DATA EXTRACT:
┌────────

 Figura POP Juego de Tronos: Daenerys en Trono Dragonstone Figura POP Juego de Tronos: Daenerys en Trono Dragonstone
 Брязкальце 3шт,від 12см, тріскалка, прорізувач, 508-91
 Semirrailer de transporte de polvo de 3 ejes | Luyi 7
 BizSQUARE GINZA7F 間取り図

└────────
┌────────

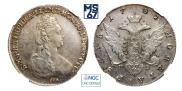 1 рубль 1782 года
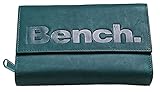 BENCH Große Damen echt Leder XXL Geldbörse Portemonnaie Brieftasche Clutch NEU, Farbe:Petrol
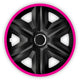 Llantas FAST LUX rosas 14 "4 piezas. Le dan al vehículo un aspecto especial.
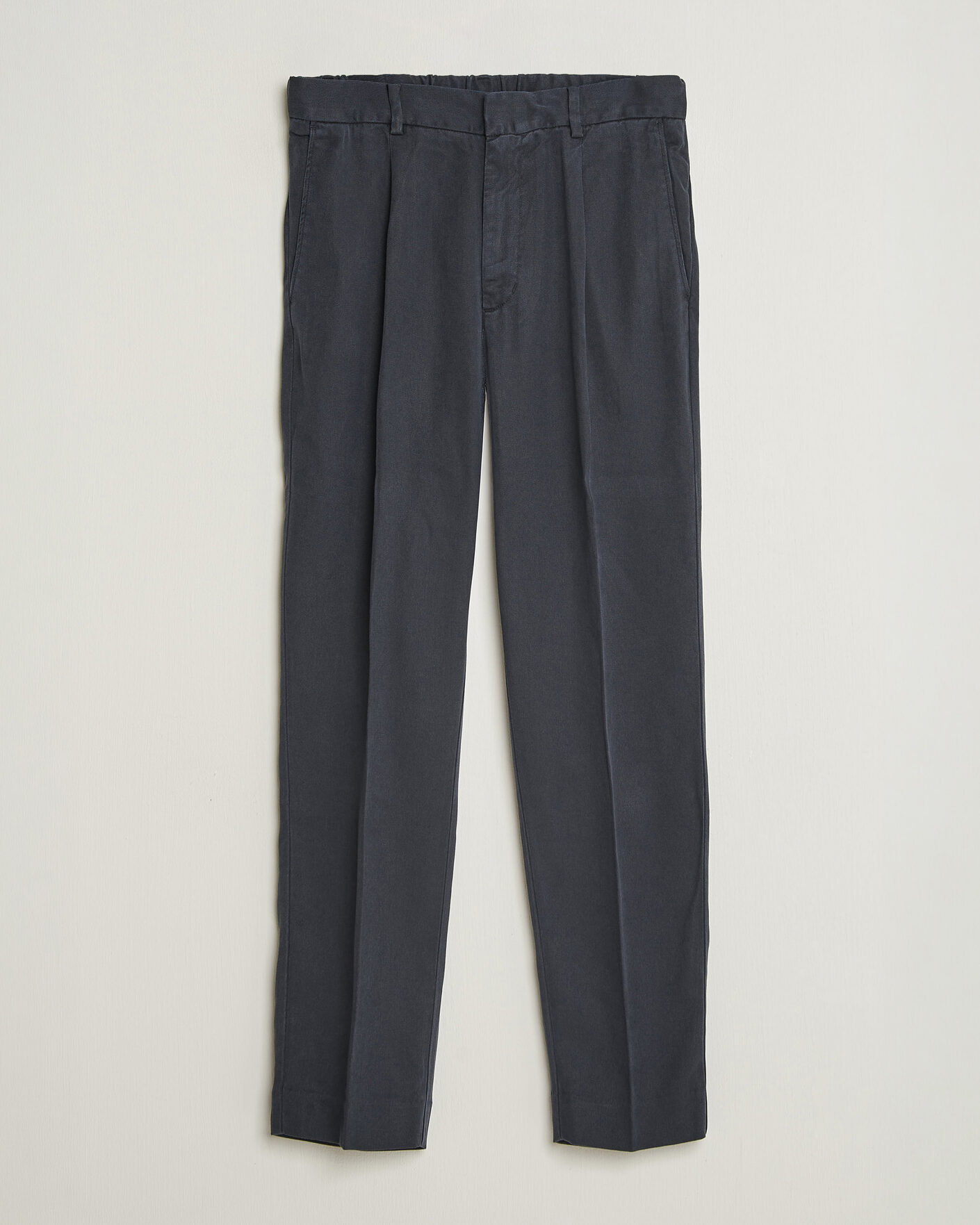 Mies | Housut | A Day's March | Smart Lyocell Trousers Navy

└────────

YOUR GOAL: The exact lines of the material above starting at the one that contains "Брязкальце 3шт,від 12см, тріскалка, прорізувач, 508-91" and ending at the one that contains "BizSQUARE GINZA7F 間取り図" are what to retype; leave out everything else.

SOLUTION BELOW:
 Брязкальце 3шт,від 12см, тріскалка, прорізувач, 508-91
 Semirrailer de transporte de polvo de 3 ejes | Luyi 7
 BizSQUARE GINZA7F 間取り図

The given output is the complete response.